Congenital Protein C or S deficiency is an inherited disorder.

This means it is passed down through families. Congenital means it is present at birth.

The disorder causes abnormal blood clotting. One in 300 people has one normal gene and one faulty gene for protein C deficiency. Protein S deficiency is much less common and occurs in about 1 in 20,000 people. But overall, it’s frequent, considering there are about 330 million in the US alone.

If you have this condition, either deficiencies of S and C, you are more likely to develop blood clots. The symptoms are the same as for deep vein thrombosis (DVT) and include:

Pain or tenderness in the affected area
Redness or swelling in the affected area

Warm around affected area
The diagnosis during the first year, when I was in the dreaded Bacharach Rehabilitation Hospital in Pomona, New Jersey, the doctor said I had a Heparin reaction, known as Heparin Allergy (that is a misnomer since it’s not an allergy at all in the most practical sense) that caused my stroke. Another doctor a few years later said he couldn’t give me a reason. The fifth hematologist gave me the information: I had crummy genes that produced deficiencies in Proteins C and S from most likely my mother and father. And now you know.

 

Medscape’s Mohammad Muhsin Chisti, MD, says, “Protein S is a vitamin K–dependent anticoagulant protein that was first discovered in Seattle, Washington, in 1979 and arbitrarily named after that city. The major function of protein S is as a cofactor to facilitate the action of activated protein C.

“Protein S deficiency may be hereditary or acquired; the latter is usually due to hepatic disease or a vitamin K deficiency. Protein S deficiency usually manifests clinically as venous thromboembolism (VTE).” Stroke, in other words.

The National Institutes for Health (NIH) says, “Protein S functions as a cofactor of activated Protein C. Its deficiency is a rare condition and can lead to deep vein thrombosis, pulmonary embolism or stroke. Protein S deficiency manifests as an autosomal dominant trait.” [Explanation needed: To have an autosomal recessive disorder, you inherit two mutated genes, one from each parent. These disorders are usually passed on by two carriers.]

But the good news is there’s a test for Protein S and C deficiencies, and who wouldn’t want to know! A family member who shall remain nameless heard of my research into Protein S and C deficiencies, but he allowed the doctor to talk him out of it like the ostrich-head-in-the-sand approach.

If you really knew of those Protein S and C deficiencies, wouldn’t you change your lifestyle a bit, like cut out all the causes mentioned in the very first paragraph?

As I wrote in Northwest Brain Network newsletter recently:
Stroke is an event usually caused by rupture of a blood vessel or blockage by a clot, resulting in the lack of supply of oxygen and nutrients, and damage to the brain tissue.
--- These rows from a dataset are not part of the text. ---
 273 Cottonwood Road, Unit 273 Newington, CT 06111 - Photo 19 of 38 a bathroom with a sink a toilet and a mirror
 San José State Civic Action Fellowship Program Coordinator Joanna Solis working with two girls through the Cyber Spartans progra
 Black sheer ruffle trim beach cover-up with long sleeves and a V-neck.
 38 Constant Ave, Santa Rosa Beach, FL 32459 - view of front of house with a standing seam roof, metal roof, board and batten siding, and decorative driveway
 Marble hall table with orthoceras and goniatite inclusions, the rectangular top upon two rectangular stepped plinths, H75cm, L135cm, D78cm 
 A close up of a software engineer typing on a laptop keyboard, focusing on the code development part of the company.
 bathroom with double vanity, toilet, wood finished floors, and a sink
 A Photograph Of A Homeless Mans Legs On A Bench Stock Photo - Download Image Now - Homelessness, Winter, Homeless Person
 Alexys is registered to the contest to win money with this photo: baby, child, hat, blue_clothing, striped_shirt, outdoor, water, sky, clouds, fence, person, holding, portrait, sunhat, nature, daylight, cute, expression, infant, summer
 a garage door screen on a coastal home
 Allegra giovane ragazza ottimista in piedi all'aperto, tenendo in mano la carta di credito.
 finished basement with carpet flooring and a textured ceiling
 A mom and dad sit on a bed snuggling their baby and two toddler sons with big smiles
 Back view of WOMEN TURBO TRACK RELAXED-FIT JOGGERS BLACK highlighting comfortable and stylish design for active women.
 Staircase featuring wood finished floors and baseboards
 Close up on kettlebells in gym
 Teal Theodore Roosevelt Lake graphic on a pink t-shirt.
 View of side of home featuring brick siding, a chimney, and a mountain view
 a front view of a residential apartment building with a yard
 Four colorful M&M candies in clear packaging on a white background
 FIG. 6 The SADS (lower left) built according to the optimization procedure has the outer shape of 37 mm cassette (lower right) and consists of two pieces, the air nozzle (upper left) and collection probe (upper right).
Even if you are not a candidate for stroke, or don’t know why you had one, this news might help you. 

Deficiency of Proteins C and/or S can lead to bleeding, but the good news is there is a test you may consider if you develop a blood clot and have a family member who is healthy with a deficiency of one or both of these natural anticoagulants. Testing healthy relatives of people with a natural anticoagulant deficiency of C and S has advantages which may include increased awareness of the risk factors for and symptoms of blood clots.

Recognizing the symptoms of a
Deep Vein Thrombosis (DVT) or Pulmonary Embolism (PE) allows for prompt treatment to minimize the risk of lasting side effects. It is important to work with your doctor to understand your individual risk, preventive strategies including not smoking, lowering your weight, and achieving cholesterol and blood pressure in the safe range, and therapeutic options in the event of a DVT or PE from deficiencies of Protein C and S. 

Joyce Hoffman

Joyce Hoffman

Joyce Hoffman is one of the world's top 10 stroke bloggers according to the Medical News Today. You can find the original post and other blogs Joyce wrote in Tales of a Stroke Survivor. (https://talesofastrokesurvivor.blog)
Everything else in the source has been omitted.